Carefully and clearly mark the 2 mortises needed on one table leg. Mark the outside of the mortises as well as the center of the mortices (both vertically and horizontally). One will be left side and on will be right side. If the mortises are not centered on the table legs mark the "lefts" and the "rights" on all the legs clearly. We will assume they are not centered on the table leg. Lets proceed to do the left side mortises.

Be sure the jig is securely clamped to benchtop. 

Put the router and guide assembly aside (off and unplugged). 

Set the T-Trak stop blocks for desired mortise length by using the ruler on the Incra t-trak plus. The hardwood runner (attached to the router's edge guide) is 7 inches long. So, by adding 1" out on each side from (3 1/2" to 4 1/2") will make a mortise 2" in length. Note: the ruler on T-Track reads out from zero on both sides making this a simple procedure. 
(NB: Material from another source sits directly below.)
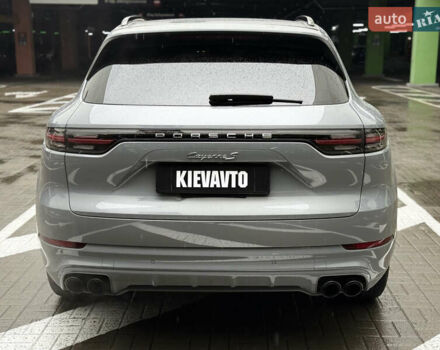 Серый Порше Каен, объемом двигателя 2.9 л и пробегом 32 тыс. км за 64000 $, фото 6 на Automoto.ua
Adjust the hold down clamp bolt for stock thickness tighten nut and black knob. If available a short piece of scrap (the same thickness as the table leg) will make this an easier task. 

Set the workpiece horizontally atop the front slider plate. Adjust the slider plate (vertically) so the top edge of the workpiece is even with the Corian top plate. Note: if the mortise is not in the center of the table leg, it should positioned with the mortise closest to the jig. In other words - don't make the cut of the mortises overhang the jig more than it has to. 
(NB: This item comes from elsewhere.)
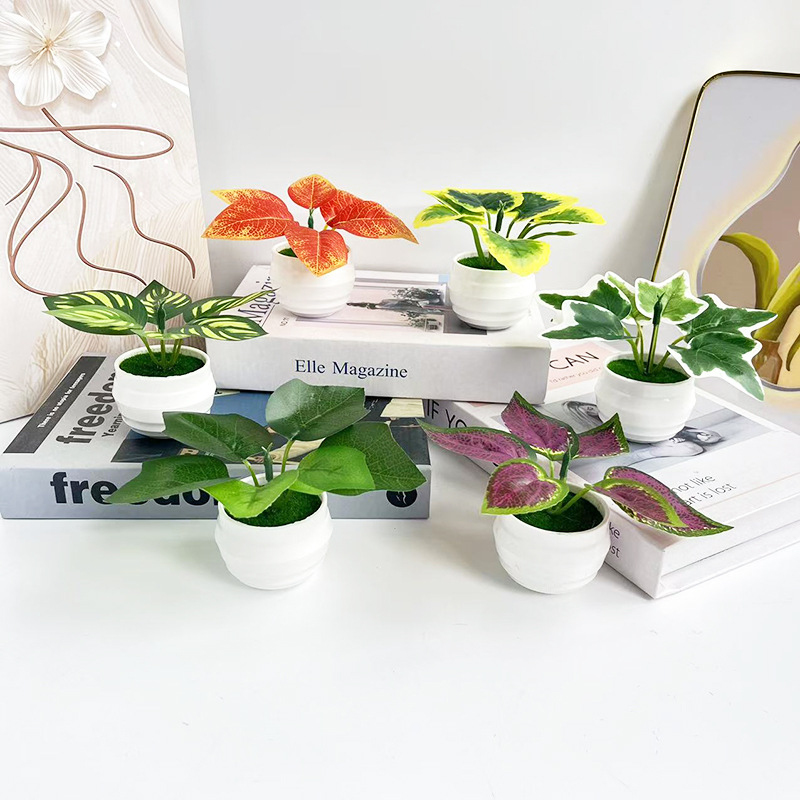 Plant Pot Small Desk - Tanaman hijau buatan dalam pot kecil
Adjust the horizontal position of the leg so the center mark on the table leg and the center line on the Corian top plate line up. 

Adjust the hold downs plywood slider plate so it positions the clamp near center of the workpiece. Tighten the 2 knobs on the hold down slider plate and press the hold down lever to secure the workpiece to the jig.

Clamp a stop block to the left of the workpiece (to index for the other leftside table leg cuts). 

Set the router on the top plate with the hardwood edge guide runner in the slot on the back side of the jig. 

Set the routers edge guide laterally to position the router bit on the workpiece and your layout lines. With the router off (and unplugged) test plunge the router to ensure the bit is aligned with the work piece layout lines. 
Secure the edge guides lockdown bolts/knobs.

Set the router plunge depth. 

Mortises are ready to be cut. Plug in and turn the router on. Slide the router to the right until it hits the stop. Plunge the router to max depth keeping the routers plate firmly on the jigs Corian top plate. Unplunge the router an slide the router to the left side and repeat.

Plunge again about 1/8" moving from left to right across the workpiece removing waste. On subsequent plunges take about 3/16" and move from left to right continueing to remove the waste until the mortise is complete. 

Stop the router and set aside.

Unclamp the workpiece from the hold down.

Blow out any sawdust and wood chips from the edge guide runners track and in front of the stop block.

Repeat for the 3 other leftside table leg mortises using the stop block to index.

Unclamp the stop block scrap and reposition on the right side following the above setup procedure.

Cut the 4 rightside mortises.


----------



## Belg (Nov 2, 2011)

Tj, I'm looking to make myself a mortise jig and am wondering how this has worked for you? Any changes, threw it away and started with something else kind of things thanks Pat


----------



## TwoSkies57 (Feb 23, 2009)

Pat...

just a heads up. It doesn't look like TJ has posted in here since 3/2009. You might try his email. Right click on his name and use the drop down menu to access an email address. Have no way of telling if its still a valid address..but you can give it a try


----------



## Belg (Nov 2, 2011)

Bill, thanks a lot for the info. The post above mine was made on 03-23-2009 still a long time ago, lol. Will give the email thing a try.


----------



## TwoSkies57 (Feb 23, 2009)

OPS.. *L* my bad,,, date corrected...

your quite welcome Pat... good luck with your search..


----------